- Education: Harvard University University of Oxford
- Occupation: Economist
- Employer: Harvard Business School

= Paul A. Gompers =

American economist

Paul A. Gompers is an American economist and former long-distance runner. He is the Eugene Holman Professor of Business Administration at the Harvard Business School. He is the co-author of three books.

==Early life==
Paul A. Gompers grew up in Belleville, Illinois. He graduated with a bachelor's degree in biology from Harvard University in 1987. He earned a Marshall Scholarship to attend the University of Oxford, where he earned an MSc in economics. He earned a PhD in business economics from Harvard University in 1993.

==Running career==
Gompers was an accomplished long-distance runner. Running for the Harvard Crimson, Gompers placed 5th at the 1986 NCAA Division I Cross Country Championships. He represented the U.S. at the 1983 World Cross Country Championships and was a national champion over the 20K run in 1987.

In December 1983, Gompers ran 2 hours, 15 minutes, and 28 seconds in his first ever marathon while still a freshman at Harvard. The time was a world under-20 record, and it still stands as the fastest marathon ever by an American teenager. At the 1985 World University Games, Gompers won his first international medal by placing 3rd in the men's marathon.

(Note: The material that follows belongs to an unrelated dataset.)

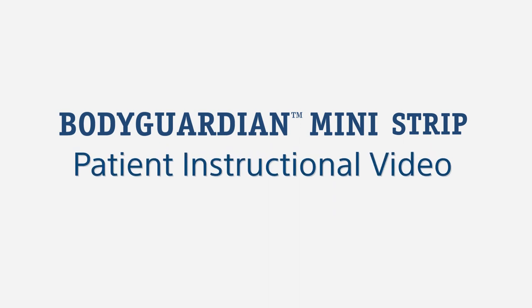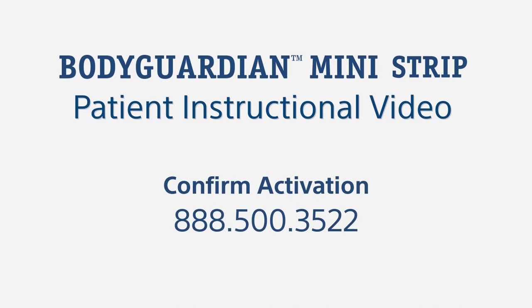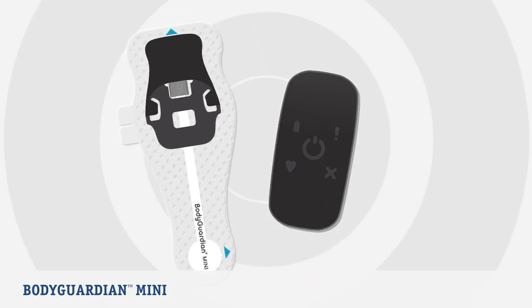Welcome to the BodyGuardian Mini video for patients using the BodyGuardian Mini with strips. If you've received your monitor at home, call now to activate your service at 888-500-3522. This video will walk you through the process of setting up your monitor and tell you more about what to expect during your monitoring period.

Gompers trained by running 150 to 170 miles per week, including 35 miles at once sometimes.

==Career==
Gompers worked as a biochemist for Bayer shortly after college. After his PhD, he was an assistant professor of finance at the University of Chicago's Booth School of Business. He joined the Harvard Business School, where he eventually became the Eugene Holman Professor of Business Administration. He now teaches executive education at the HBS. He has written between 50 and 60 business cases. He has also published articles in The Journal of Finance, the Journal of Financial Economics, the Brookings Papers on Economic Activity, The Journal of Private Equity, the Quarterly Journal of Economics, The Journal of Law and Economics, etc. Additionally, he is the co-author of three books, two of which were co-authored with his HBS colleague Josh Lerner and the third one with his HBS colleague William A. Sahlman.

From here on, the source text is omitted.